The film broke ground in other ways than its technical accomplishments. "Roger Rabbit" parodies the noir femme fatale with the buxom Jessica Rabbit, but allows her a smidgeon more grace than I expected going in. It showers its cartoon cast with love and affection, but then depicts their home of Toontown so bizarrely that the viewer understands just why Bob Hoskins hates it there. The film even works in a dig at Los Angeles's highways, which per Gizmodo forced the closure of the city's beloved mass transit system in 1961. The question of car dependency is just as relevant today, with rapid climate change demanding solutions to lower carbon dioxide output. Earlier Disney films told simple, accessible stories with elemental power. "Roger Rabbit" proved that a Disney film could hold many contradictions, and still be a smash hit.
I always chose real
Folks at Disney suspected that "Roger Rabbit" could benefit the studio's animation as a whole. According to ARTpublika Magazine, studio executive Jeffrey Katzenberg "argued that the hybrid of live-action and animation would 'save' Disney's animation department." Let it be said that Katzenberg was a hack with no prior experience in animation, who argued against the inclusion of the character-defining song "Part of Your World" in "The Little Mermaid." In this one instance, though, Katzenberg was correct. "Roger Rabbit" reminded audiences that great works of the past existed, and that new animation could be great in its own right.

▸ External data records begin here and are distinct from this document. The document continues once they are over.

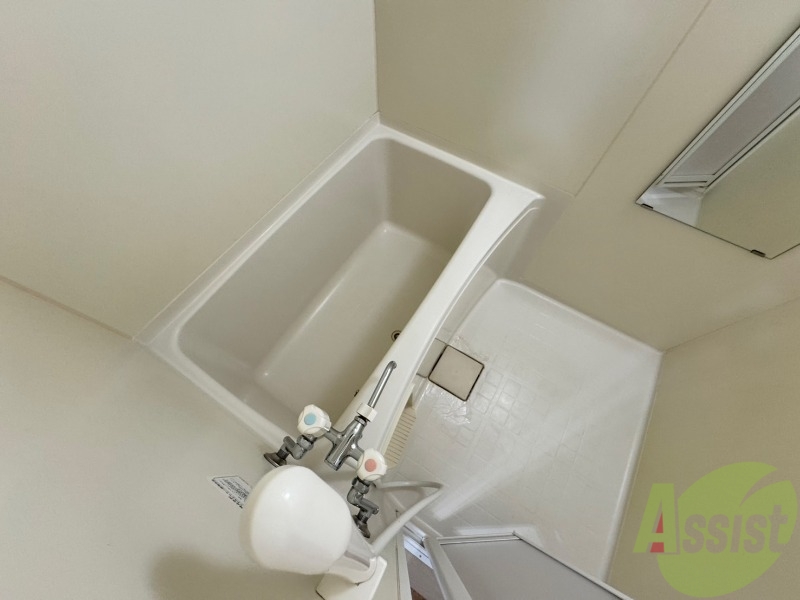 バス・シャワールーム　お風呂になります。一日の疲れを癒してくださいね。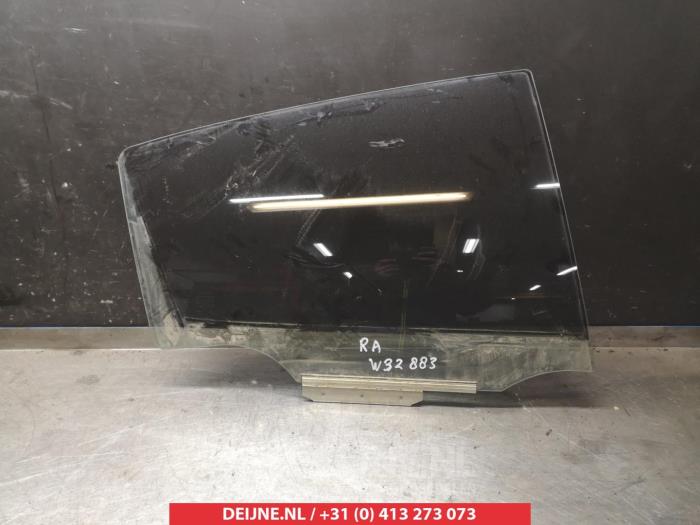 Toyota Yaris Portierruit 4Deurs rechts-achter O288936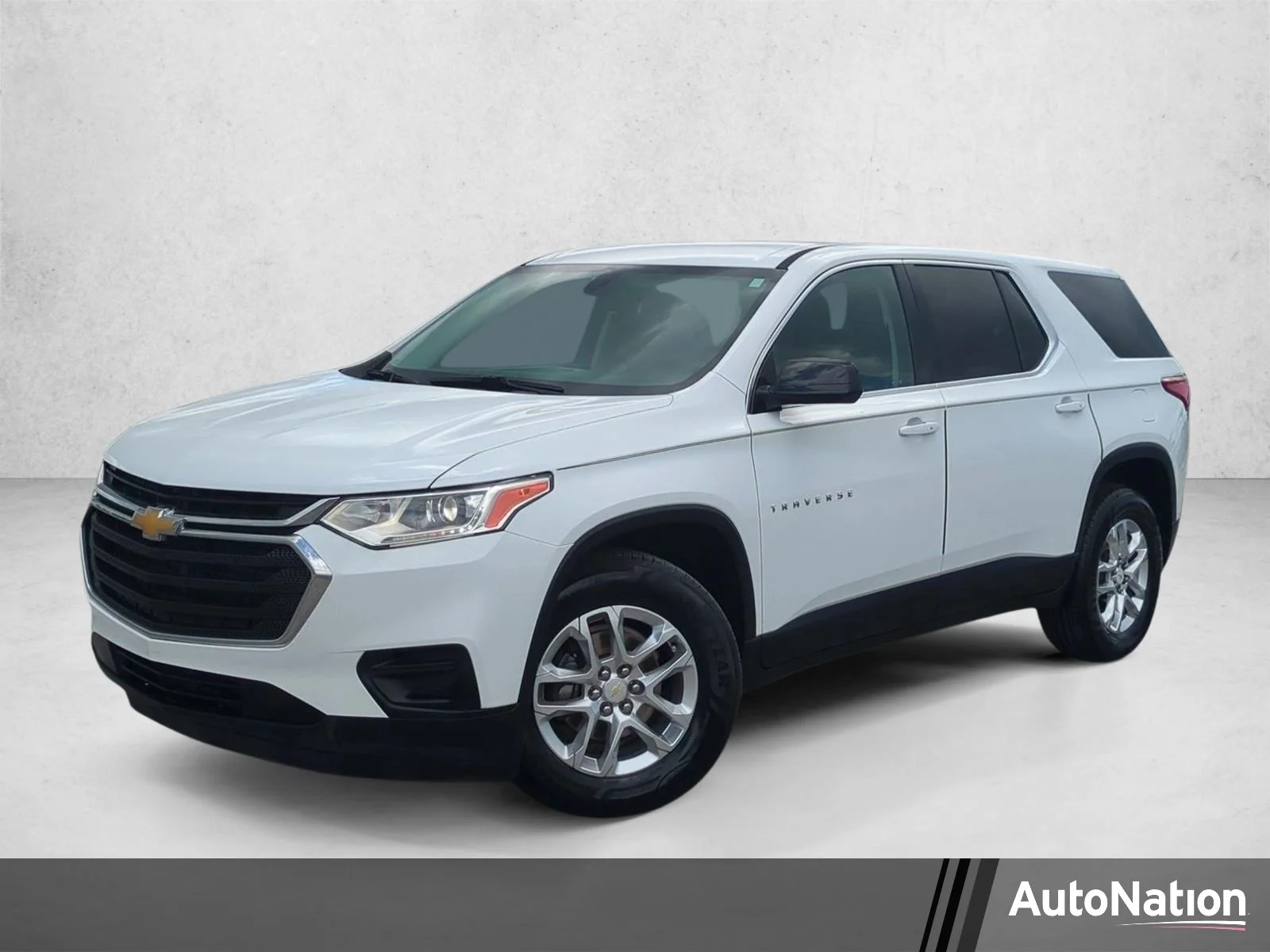 Used 2019 Summit White Chevrolet LS image 1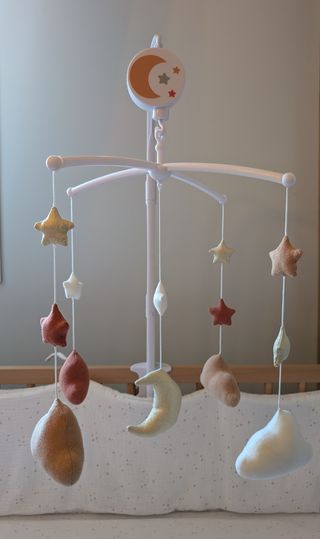 Móvil cuna estrellas lunas Verbaudet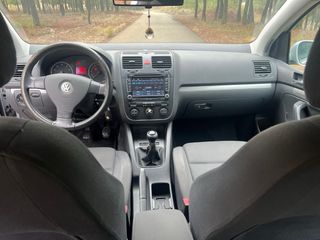 Volkswagen Golf V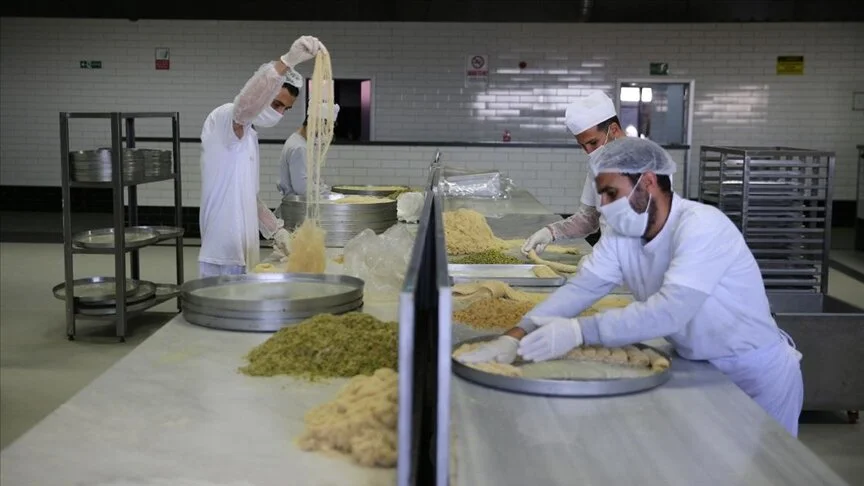 Bayramlık burma kadayıf siparişlerini yetiştirmek için vardiyalı üretim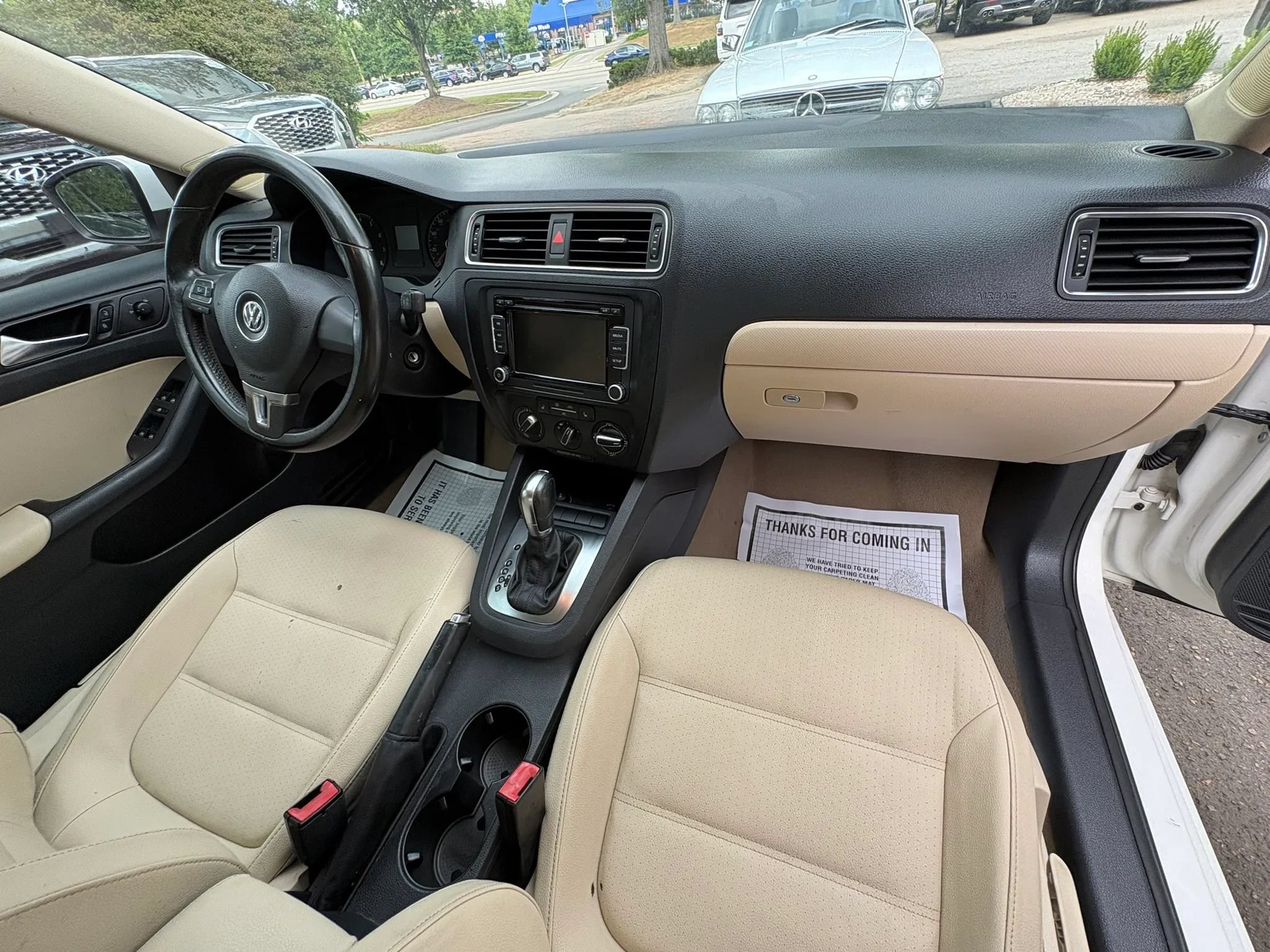 Used 2011 Volkswagen Jetta SE FWD image 10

Animation didn't have to be low-rent children's programming on television. It could be funny, scary, or sweet. It could be anything. It was perfect timing for the creators of "The Little Mermaid," who sought to prove with their film that Walt Disney Feature Animation was a force to be reckoned with. Co-director Ron Clements said to IGN that "a whole new generation of animators" were "feeling like 'this is a film we can really...prove ourselves on.'" Among them was Glen Keane, who animated Ariel in "The Little Mermaid." Keane drew Ariel as a teenage girl grappling with relatable feelings and desires, instead of a smiling fairy tale character. "Anytime I had the choice to go pretty or real," Keane told Variety, "I always chose real..." Just like "Roger Rabbit" had brought animation to live action, the new Disney crew imbued their fairy tale worlds with realism.
More than appreciation
"The Little Mermaid" was followed by "Beauty and the Beast" in 1991, which was nominated for a Best Picture Oscar the following year. From that point forward, Walt Disney Feature Animation was the studio to beat in the United States for animated film. Elsewhere, though, animation was picking up steam. The influential anime blockbuster "Akira" was released in the United States at the end of 1989, introducing the country to the power of Japanese animation. Just one year earlier, Hayao Miyazaki's "My Neighbor Totoro" screened in Japan, becoming Studio Ghibli's first real financial success. On TV, Amblin Television leveraged the success of "Roger Rabbit" to produce bizarre cartoon comedies like "Tiny Toon Adventures" and "Animaniacs." They followed in the footsteps of Disney's own "DuckTales," which set the bar for TV animation on its release in 1987.
For many years, the craft of animation had languished in the United States. Now it was on the move again, with "Who Framed Roger Rabbit" standing at the crux of this reawakening, bridging the past and the future of the medium. Roger Ebert would say of "Roger Rabbit" that "what you feel when you see a movie like this is more than appreciation. It's gratitude." I feel the same way.